Besides the 3V's, you can also specify which engine the query will run on. Further more, if a query involves several data types, you can even tell BigFrame which engine will do the job for each specific data type. For example,

<property>
	<name>bigframe.queryengine.relational</name>
	<value>hadoop</value>
</property>

<property>
	<name>bigframe.queryengine.graph</name>
	<value>hive-tez</value>
</property>

<property>
	<name>bigframe.queryengine.nested</name>
	<value>spark</value>
</property>

<property>
	<name>bigframe.queryengine.text</name>
	<value>hive-tez</value>
</property>

Of course, you need to install and setup the corresponding systems before actually run the queries, BigFrame will not do this job for you.

BigFrame Configuration

Before running BigFrame, you need to edit the conf/config.sh to set the following variables:

HADOOP_HOME: By default, it tries to get it from the environment variables.
TPCDS_LOCAL: A temp directory to store the imtermediate data for tpcds generator. 

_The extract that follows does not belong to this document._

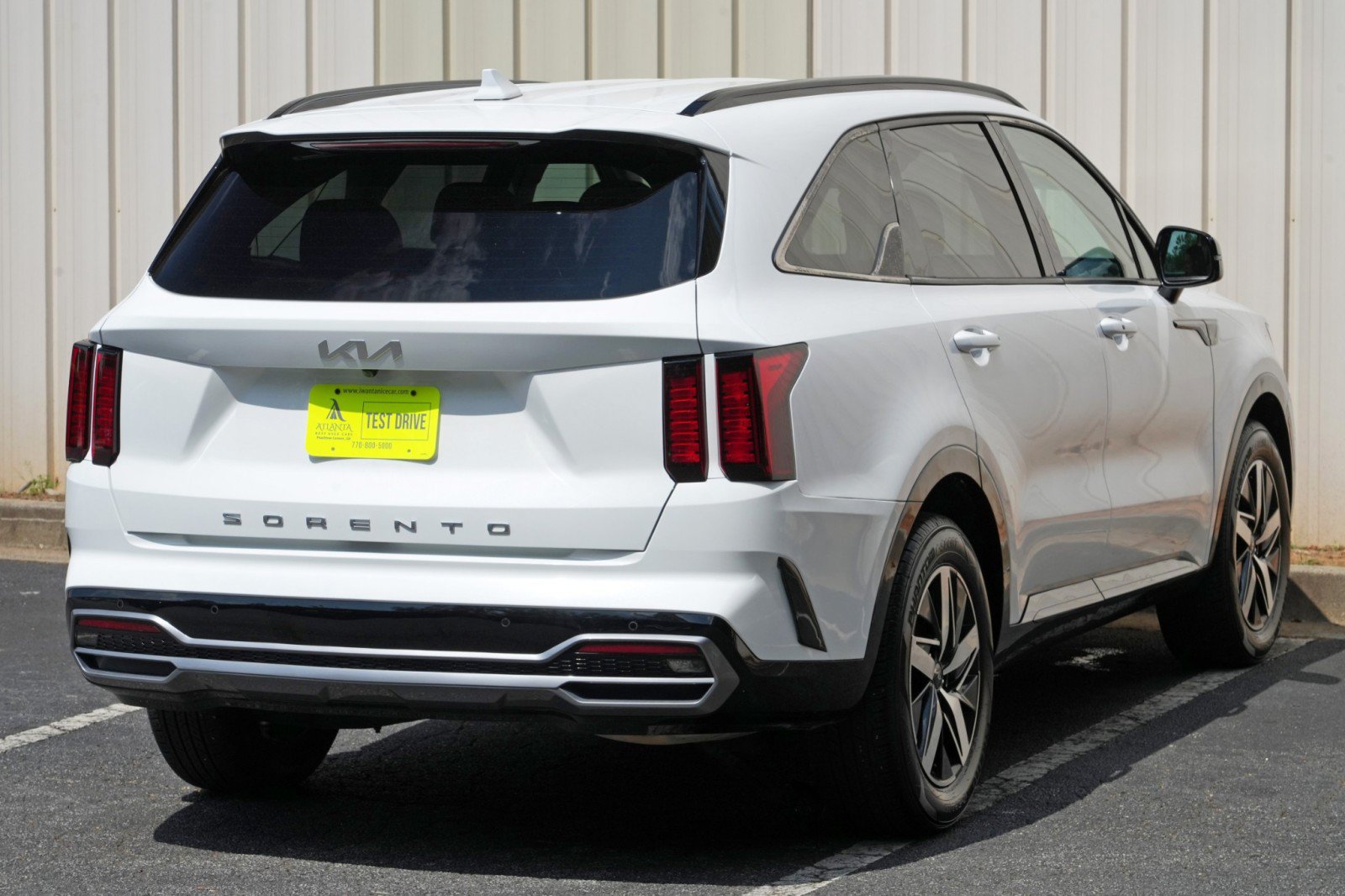 Used 2022 Kia Sorento S FWD image 49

There are other variable related to the drivers. For example, you need to tell where BigFrame can find Spark if you want to run the benchmark on Spark. This can be done by specified the SPARK_HOME parameter as follow

SPARK_HOME=/path/to/spark_home

Run BigFrame

After finish all the setup above, you can now run the BigFrame program. The first program you need to run is the data generator. To start the data generator, you can type the following command in BigFrame's root directory

/bin/datagen -mode datagen

Then, it will try to generate the set of data you specified before. Be sure that you have started the HDFS and MapReduce Engine.

After the data generation finish, you can then run the benchmark queries by this command

/bin/qgen -mode runqueries

It will prepare a set of queries based on your benchmark specification, and then run the queries on the system you specified.